ABOUT THIS EXERCISE
After finding the line with "Rodinný dom na" in the entries below, retype exactly each line from there through the line with "BEKO B5T4824W - Warmtepompdroger", including that final line.

RECORD EXCERPTS
Start of Block

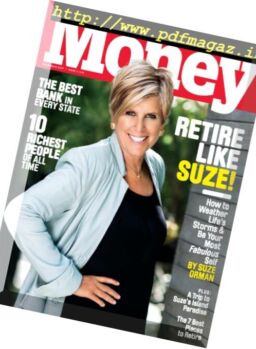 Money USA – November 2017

End of Block
Start of Block

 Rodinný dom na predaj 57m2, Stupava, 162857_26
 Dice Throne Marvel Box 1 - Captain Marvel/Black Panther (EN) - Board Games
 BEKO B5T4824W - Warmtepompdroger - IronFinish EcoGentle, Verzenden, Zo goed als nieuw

End of Block
Start of Block

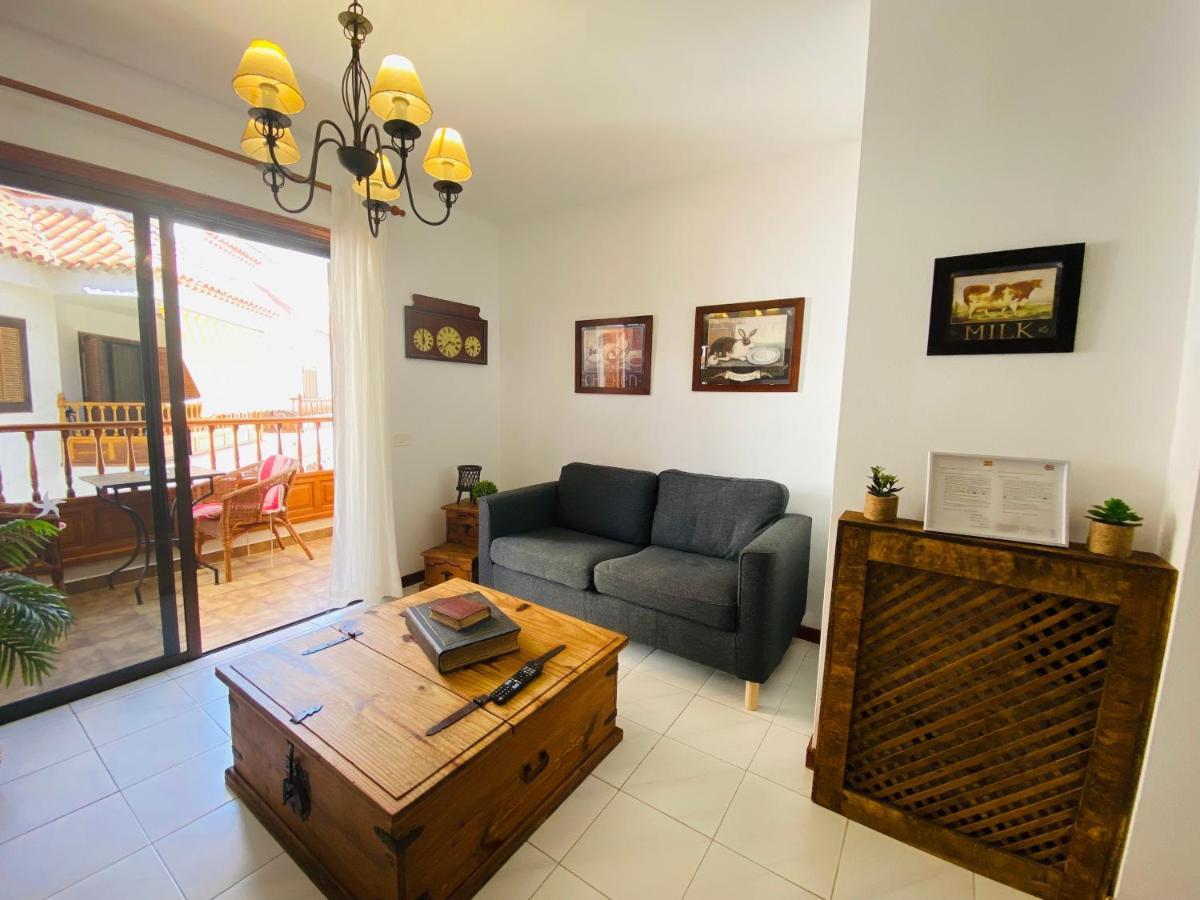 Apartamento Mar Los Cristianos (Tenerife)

End of Block

TASK RESPONSE
 Rodinný dom na predaj 57m2, Stupava, 162857_26
 Dice Throne Marvel Box 1 - Captain Marvel/Black Panther (EN) - Board Games
 BEKO B5T4824W - Warmtepompdroger - IronFinish EcoGentle, Verzenden, Zo goed als nieuw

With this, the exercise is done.